- [ACTIVITY]:
Lines before the one containing "Top-down view of" are to be skipped; reproduce that line and the rest of the records below exactly.

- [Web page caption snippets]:
┌──

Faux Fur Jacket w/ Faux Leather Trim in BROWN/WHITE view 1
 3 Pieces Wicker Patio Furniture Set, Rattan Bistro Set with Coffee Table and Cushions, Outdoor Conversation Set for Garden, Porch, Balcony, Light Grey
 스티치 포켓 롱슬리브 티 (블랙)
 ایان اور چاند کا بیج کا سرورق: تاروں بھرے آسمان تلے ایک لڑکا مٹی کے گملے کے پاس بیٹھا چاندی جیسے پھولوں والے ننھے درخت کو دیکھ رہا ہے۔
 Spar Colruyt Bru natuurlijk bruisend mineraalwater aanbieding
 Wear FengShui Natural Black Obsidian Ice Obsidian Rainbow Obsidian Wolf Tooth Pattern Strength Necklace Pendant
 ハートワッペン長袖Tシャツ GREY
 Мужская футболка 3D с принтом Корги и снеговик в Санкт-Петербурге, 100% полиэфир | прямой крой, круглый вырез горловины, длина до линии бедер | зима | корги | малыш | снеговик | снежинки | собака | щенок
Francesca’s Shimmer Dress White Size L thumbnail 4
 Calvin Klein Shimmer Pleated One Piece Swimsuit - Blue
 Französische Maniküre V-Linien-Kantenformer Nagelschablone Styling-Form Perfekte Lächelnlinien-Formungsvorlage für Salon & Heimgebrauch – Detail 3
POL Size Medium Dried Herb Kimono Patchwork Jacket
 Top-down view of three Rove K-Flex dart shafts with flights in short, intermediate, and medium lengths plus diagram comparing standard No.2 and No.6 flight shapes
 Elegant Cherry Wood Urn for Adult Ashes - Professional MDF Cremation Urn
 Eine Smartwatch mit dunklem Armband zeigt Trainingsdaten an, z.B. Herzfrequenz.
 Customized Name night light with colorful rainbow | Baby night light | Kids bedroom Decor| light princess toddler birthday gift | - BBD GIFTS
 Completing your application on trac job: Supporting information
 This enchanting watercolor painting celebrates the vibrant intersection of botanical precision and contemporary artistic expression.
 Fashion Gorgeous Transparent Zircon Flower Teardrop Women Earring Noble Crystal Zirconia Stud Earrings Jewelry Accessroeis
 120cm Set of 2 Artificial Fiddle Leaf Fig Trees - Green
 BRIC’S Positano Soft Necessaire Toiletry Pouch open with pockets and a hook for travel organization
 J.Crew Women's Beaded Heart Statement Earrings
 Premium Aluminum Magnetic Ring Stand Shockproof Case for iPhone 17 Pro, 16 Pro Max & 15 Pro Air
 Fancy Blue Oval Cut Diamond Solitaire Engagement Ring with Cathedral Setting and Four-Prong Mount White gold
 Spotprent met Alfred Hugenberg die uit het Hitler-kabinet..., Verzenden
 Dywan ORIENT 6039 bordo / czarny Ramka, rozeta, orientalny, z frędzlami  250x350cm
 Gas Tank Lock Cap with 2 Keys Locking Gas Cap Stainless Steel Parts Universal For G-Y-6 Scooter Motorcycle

└──

- [ANSWER SECTION]:
 Top-down view of three Rove K-Flex dart shafts with flights in short, intermediate, and medium lengths plus diagram comparing standard No.2 and No.6 flight shapes
 Elegant Cherry Wood Urn for Adult Ashes - Professional MDF Cremation Urn
 Eine Smartwatch mit dunklem Armband zeigt Trainingsdaten an, z.B. Herzfrequenz.
 Customized Name night light with colorful rainbow | Baby night light | Kids bedroom Decor| light princess toddler birthday gift | - BBD GIFTS
 Completing your application on trac job: Supporting information
 This enchanting watercolor painting celebrates the vibrant intersection of botanical precision and contemporary artistic expression.
 Fashion Gorgeous Transparent Zircon Flower Teardrop Women Earring Noble Crystal Zirconia Stud Earrings Jewelry Accessroeis
 120cm Set of 2 Artificial Fiddle Leaf Fig Trees - Green
 BRIC’S Positano Soft Necessaire Toiletry Pouch open with pockets and a hook for travel organization
 J.Crew Women's Beaded Heart Statement Earrings
 Premium Aluminum Magnetic Ring Stand Shockproof Case for iPhone 17 Pro, 16 Pro Max & 15 Pro Air
 Fancy Blue Oval Cut Diamond Solitaire Engagement Ring with Cathedral Setting and Four-Prong Mount White gold
 Spotprent met Alfred Hugenberg die uit het Hitler-kabinet..., Verzenden
 Dywan ORIENT 6039 bordo / czarny Ramka, rozeta, orientalny, z frędzlami  250x350cm
 Gas Tank Lock Cap with 2 Keys Locking Gas Cap Stainless Steel Parts Universal For G-Y-6 Scooter Motorcycle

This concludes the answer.